Périmètre d'application de la convention signée entre l'entreprise et le syndicat CFE-CGC et CFDT

Numero : T07518004858
Date de signature : 2018-09-25
Nature : Accord
Raison sociale : BOUCHERON
Etablissement : 33016036700026

Droit syndical : les points clés de la négociation

La négociation s'est portée sur le thème Droit syndical, IRP, expression des salariés

Conditions du dispositif droit syndical pour les salariés : le texte complet de l'accord du 2018-09-25

ACCORD RELATIF AUX INSTANCES DE REPRESENTATION DU PERSONNEL ET AU DIALOGUE SOCIAL AU SEIN DE l’UES BOUCHERON

Contenu

Préambule : 2

Article 1. Le comité social et économique 2

Article 1.1 : Périmètre du comité social et économique 2

Article 1. 2 : Fonctionnement du CSE 3

1.2.1. Réunions : 3

1.2.2. Délais impartis au CSE pour émettre un avis : 3

1.2.3 Commissions : 3

1.2.4. Moyens de fonctionnement du CSE 5

Article 2. Les représentants de proximité 5

Article 2.1. Nombre de représentants de proximité et définition des périmètres 5

Article 2.2. Désignation des représentants de proximité 6

Article 2.3. Attribution des représentants de proximité 6

Article 2.4. Modalités de fonctionnement des représentants de proximité 7

2.4.1 Réunions 7

2.4.2 Moyens de fonctionnement 7

Article 3. Valorisation du rôle des représentants du personnel 7

Article 3.1 Entretiens de suivi, de début et de fin de mandat à la demande du nouvel élu. 7

Article 3.2 Formation et Validation des acquis de l’expérience 8

Article 3.3 Rémunérations 9

Article 4. Informations – Consultations et expertises 9

4.1 Informations – consultations récurrentes 9

4.2 Informations – Consultations non récurrentes 10

4.3 Expertises 10

Article 5 Transmission et information de l’accord 10

Article 6. Durée de l’accord 10

Article 7. Dénonciation et révision 11

1.2.5 Budgets du CSE………………………………………………………………………………….5


Entre les soussignés :

UES BOUCHERON représentée par Madame X, Directrice des Ressources Humaines et du Patrimoine

D’une part,

et

Le syndicat CFDT représenté par Mr X, délégué syndical

Le syndicat CFE-CGC représenté par Mr X, délégué syndical

D’autre part,

Préambule :

Le présent accord a pour objet d’organiser les instances de représentation du personnel au sein de l’UES BOUCHERON.

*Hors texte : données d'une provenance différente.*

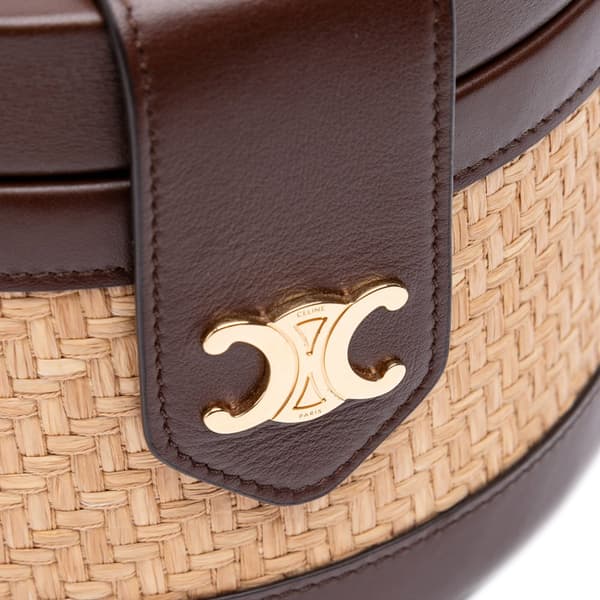 Pre-owned Celine Medium Raffia and Calfskin Triomphe Tambour Vanity Bag Brown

Il est conclu conformément aux dispositions de l’article L.2313-12 du Code du travail.

Les signataires s’entendent pour considérer que le dialogue social est un pilier du succès et de la politique de développement durable du Groupe Kering et de la marque Boucheron et soulignent qu’un dialogue social de qualité, s’appuyant sur des moyens solides, est un garant de la qualité de vie au travail et donc de la performance de la marque et du groupe à long terme.

Compte tenu de l’organisation actuelle de Boucheron les parties conviennent de mettre en place un CSE unique couvrant l’ensemble de l’Entreprise lors des prochaines élections en décembre 2018.

Article 1. Le comité social et économique

Article 1.1 : Périmètre du comité social et économique

Conformément aux dispositions légales, le présent accord détermine le périmètre du comité social et économique ci-après CSE, au sein de l’entreprise.

Le nombre de sièges à pourvoir pour le CSE sera fixé dans le protocole d’accord préélectoral négocié avant chaque élection conformément aux dispositions légales et en fonction des effectifs de l’UES Boucheron.

Néanmoins, il est déjà acté que le CSE sera composé de 10 membres titulaires et 10 membres suppléants, et le minimum prévu supplétivement par le code du travail. Les mandats ne sont pas renouvelables au-delà de la limite de 3. Leur durée est de 4 ans.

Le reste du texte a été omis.